*** Opening of PROVIDED DATA ***
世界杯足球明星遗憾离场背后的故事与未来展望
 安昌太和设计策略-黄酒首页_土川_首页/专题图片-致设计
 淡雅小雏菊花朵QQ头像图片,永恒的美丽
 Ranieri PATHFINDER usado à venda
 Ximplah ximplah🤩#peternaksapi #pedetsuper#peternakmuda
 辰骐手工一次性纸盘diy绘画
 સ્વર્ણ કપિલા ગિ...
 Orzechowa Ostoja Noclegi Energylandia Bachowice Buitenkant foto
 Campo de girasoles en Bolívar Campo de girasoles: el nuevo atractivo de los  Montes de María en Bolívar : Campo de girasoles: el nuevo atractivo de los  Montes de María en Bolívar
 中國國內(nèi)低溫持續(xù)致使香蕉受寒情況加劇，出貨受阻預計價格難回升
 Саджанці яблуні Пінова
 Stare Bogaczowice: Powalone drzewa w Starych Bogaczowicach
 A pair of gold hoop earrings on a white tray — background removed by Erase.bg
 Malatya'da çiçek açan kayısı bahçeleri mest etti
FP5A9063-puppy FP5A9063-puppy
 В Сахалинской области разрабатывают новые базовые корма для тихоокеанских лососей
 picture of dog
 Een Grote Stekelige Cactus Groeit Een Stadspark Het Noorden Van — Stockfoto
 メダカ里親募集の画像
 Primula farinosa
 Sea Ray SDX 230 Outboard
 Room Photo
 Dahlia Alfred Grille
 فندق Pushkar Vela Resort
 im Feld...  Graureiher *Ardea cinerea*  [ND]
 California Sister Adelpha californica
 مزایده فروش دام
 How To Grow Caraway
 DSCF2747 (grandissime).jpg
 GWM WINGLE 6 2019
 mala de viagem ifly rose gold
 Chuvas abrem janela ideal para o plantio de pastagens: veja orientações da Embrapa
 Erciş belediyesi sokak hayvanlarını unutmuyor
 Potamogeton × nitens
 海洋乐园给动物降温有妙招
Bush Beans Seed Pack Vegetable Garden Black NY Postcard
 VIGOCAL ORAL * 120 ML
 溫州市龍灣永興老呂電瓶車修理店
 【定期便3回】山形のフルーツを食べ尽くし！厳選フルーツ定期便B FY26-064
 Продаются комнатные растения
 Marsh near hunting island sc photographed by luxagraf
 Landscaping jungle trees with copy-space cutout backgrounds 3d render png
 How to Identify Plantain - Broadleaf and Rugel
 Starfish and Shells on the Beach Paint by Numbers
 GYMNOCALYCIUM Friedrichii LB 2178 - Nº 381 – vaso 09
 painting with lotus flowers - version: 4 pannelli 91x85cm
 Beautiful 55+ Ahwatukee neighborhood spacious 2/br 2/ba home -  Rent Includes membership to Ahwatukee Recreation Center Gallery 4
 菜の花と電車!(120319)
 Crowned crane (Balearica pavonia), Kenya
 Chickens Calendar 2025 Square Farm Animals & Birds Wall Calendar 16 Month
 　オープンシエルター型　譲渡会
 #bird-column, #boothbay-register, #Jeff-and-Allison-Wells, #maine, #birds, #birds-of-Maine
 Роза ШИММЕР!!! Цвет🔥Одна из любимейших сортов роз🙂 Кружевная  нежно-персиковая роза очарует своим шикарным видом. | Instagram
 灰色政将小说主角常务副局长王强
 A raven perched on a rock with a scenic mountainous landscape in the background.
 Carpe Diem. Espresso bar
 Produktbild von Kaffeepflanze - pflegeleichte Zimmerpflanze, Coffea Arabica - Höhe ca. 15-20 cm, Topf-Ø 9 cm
*** Close of PROVIDED DATA ***
TASK DESCRIPTION: Exactly the lines from the one containing "灰色政将小说主角常务副局长王强" through the end of the listing above, inclusive, are to be written out, and no others.

WRITTEN ANSWER:
 灰色政将小说主角常务副局长王强
 A raven perched on a rock with a scenic mountainous landscape in the background.
 Carpe Diem. Espresso bar
 Produktbild von Kaffeepflanze - pflegeleichte Zimmerpflanze, Coffea Arabica - Höhe ca. 15-20 cm, Topf-Ø 9 cm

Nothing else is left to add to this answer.